- RECORDS TO PROCESS:

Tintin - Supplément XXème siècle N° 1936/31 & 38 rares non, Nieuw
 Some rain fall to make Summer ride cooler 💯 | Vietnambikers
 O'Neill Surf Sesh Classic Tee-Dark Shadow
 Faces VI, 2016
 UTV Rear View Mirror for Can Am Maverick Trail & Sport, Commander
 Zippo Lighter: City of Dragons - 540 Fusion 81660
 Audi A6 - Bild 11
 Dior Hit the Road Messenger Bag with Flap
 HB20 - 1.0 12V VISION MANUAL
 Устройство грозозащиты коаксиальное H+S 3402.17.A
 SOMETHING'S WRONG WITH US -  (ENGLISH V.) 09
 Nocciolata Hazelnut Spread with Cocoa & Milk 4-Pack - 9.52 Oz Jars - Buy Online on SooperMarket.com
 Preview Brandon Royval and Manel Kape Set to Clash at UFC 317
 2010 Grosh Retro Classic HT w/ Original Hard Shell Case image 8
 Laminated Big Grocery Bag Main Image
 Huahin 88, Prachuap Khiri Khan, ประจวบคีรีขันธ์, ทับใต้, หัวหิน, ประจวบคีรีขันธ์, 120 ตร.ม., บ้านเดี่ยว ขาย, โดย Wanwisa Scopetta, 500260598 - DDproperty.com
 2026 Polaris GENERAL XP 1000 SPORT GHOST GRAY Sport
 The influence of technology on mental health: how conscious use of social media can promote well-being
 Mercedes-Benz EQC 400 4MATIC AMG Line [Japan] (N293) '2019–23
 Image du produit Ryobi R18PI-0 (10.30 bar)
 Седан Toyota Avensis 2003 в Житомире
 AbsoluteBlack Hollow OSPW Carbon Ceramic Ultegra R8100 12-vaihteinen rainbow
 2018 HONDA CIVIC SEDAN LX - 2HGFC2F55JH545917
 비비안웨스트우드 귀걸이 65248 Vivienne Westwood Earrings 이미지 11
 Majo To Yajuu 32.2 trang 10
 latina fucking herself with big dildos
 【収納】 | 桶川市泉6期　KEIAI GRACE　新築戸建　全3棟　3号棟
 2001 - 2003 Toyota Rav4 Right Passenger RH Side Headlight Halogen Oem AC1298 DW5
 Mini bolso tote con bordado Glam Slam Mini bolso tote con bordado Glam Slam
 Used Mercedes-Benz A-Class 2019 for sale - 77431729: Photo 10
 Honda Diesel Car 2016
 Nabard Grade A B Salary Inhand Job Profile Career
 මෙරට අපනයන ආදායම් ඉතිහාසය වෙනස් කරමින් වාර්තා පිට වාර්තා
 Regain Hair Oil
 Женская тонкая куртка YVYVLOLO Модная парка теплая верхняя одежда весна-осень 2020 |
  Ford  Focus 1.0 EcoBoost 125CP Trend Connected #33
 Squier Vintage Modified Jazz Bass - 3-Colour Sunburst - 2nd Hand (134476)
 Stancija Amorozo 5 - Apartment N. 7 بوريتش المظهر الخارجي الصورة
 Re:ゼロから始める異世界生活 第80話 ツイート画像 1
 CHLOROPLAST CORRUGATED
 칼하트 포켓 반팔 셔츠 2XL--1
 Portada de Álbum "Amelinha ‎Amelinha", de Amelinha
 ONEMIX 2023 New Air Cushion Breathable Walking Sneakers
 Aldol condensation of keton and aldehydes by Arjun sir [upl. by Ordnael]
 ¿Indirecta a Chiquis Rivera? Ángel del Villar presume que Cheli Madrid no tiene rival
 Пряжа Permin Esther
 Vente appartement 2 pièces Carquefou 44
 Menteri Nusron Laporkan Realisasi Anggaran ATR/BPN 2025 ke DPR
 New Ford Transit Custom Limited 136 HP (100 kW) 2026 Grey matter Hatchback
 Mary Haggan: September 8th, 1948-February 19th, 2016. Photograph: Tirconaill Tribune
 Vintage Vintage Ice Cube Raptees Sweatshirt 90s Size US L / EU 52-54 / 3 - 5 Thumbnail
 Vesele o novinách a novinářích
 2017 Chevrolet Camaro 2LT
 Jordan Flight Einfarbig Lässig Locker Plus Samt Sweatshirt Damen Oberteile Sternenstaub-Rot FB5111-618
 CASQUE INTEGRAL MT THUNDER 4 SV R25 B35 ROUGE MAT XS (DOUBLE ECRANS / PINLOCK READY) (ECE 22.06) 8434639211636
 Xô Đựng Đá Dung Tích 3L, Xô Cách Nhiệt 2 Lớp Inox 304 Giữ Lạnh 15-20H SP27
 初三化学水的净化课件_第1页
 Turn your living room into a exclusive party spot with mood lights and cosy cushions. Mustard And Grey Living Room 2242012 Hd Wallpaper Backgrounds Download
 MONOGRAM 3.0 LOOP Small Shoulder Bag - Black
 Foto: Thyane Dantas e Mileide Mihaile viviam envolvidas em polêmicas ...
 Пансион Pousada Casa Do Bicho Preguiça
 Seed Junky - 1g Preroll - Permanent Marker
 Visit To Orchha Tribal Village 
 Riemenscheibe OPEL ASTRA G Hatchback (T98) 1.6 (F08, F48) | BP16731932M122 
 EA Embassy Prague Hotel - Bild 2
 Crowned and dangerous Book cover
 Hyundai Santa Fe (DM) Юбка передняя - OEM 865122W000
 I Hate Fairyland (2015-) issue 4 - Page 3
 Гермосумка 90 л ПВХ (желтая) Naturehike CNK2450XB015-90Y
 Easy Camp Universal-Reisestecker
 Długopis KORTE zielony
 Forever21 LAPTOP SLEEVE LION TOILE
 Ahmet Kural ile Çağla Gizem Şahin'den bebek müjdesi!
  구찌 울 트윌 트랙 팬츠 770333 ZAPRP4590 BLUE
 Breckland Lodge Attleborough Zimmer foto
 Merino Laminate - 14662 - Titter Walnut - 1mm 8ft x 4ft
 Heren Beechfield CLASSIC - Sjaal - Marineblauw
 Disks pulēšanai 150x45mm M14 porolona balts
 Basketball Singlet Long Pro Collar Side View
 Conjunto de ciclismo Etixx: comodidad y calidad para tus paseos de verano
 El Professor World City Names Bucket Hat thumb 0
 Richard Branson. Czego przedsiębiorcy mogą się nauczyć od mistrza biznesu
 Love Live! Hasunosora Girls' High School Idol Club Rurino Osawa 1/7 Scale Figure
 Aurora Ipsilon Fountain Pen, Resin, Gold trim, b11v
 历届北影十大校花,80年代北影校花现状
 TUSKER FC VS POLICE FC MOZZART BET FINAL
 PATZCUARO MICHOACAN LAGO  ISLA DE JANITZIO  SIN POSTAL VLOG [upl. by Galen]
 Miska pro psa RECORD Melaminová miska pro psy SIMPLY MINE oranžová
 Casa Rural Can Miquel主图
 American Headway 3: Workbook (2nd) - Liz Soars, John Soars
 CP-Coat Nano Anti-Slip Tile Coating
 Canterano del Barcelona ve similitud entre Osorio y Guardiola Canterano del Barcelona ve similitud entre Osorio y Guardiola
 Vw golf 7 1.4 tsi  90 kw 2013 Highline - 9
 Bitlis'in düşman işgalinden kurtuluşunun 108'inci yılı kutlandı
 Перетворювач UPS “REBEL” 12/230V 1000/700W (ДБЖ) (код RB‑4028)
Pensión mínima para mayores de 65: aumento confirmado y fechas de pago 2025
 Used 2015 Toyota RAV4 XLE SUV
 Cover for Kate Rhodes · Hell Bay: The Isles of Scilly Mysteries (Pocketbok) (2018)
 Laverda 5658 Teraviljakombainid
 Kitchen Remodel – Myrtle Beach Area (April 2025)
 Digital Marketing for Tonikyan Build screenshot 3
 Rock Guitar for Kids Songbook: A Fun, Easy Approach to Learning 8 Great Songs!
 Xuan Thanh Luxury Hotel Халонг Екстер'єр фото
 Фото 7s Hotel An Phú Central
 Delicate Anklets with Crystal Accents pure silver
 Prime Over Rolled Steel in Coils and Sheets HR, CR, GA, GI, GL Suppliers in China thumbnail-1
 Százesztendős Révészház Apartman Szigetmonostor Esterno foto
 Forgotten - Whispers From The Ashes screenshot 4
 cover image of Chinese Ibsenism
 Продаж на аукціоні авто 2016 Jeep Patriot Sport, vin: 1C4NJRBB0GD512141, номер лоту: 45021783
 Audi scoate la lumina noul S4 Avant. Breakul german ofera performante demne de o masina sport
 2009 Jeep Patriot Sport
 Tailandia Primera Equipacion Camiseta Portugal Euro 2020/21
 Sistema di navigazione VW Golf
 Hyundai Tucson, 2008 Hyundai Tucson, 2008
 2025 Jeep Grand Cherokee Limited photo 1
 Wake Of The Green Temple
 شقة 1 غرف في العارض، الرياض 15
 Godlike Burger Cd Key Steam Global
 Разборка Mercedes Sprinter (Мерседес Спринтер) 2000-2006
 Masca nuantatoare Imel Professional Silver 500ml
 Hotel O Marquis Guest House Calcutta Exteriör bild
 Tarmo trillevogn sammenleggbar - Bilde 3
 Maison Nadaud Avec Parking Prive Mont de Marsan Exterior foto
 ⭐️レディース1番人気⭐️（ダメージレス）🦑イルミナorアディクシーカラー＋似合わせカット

- WORK ORDER: Among the lines above, find the one with "Re:ゼロから始める異世界生活 第80話 ツイート画像 1" and the one with "2017 Chevrolet Camaro 2LT". Quote both and everything between them, exactly.

- RESPONSE:
 Re:ゼロから始める異世界生活 第80話 ツイート画像 1
 CHLOROPLAST CORRUGATED
 칼하트 포켓 반팔 셔츠 2XL--1
 Portada de Álbum "Amelinha ‎Amelinha", de Amelinha
 ONEMIX 2023 New Air Cushion Breathable Walking Sneakers
 Aldol condensation of keton and aldehydes by Arjun sir [upl. by Ordnael]
 ¿Indirecta a Chiquis Rivera? Ángel del Villar presume que Cheli Madrid no tiene rival
 Пряжа Permin Esther
 Vente appartement 2 pièces Carquefou 44
 Menteri Nusron Laporkan Realisasi Anggaran ATR/BPN 2025 ke DPR
 New Ford Transit Custom Limited 136 HP (100 kW) 2026 Grey matter Hatchback
 Mary Haggan: September 8th, 1948-February 19th, 2016. Photograph: Tirconaill Tribune
 Vintage Vintage Ice Cube Raptees Sweatshirt 90s Size US L / EU 52-54 / 3 - 5 Thumbnail
 Vesele o novinách a novinářích
 2017 Chevrolet Camaro 2LT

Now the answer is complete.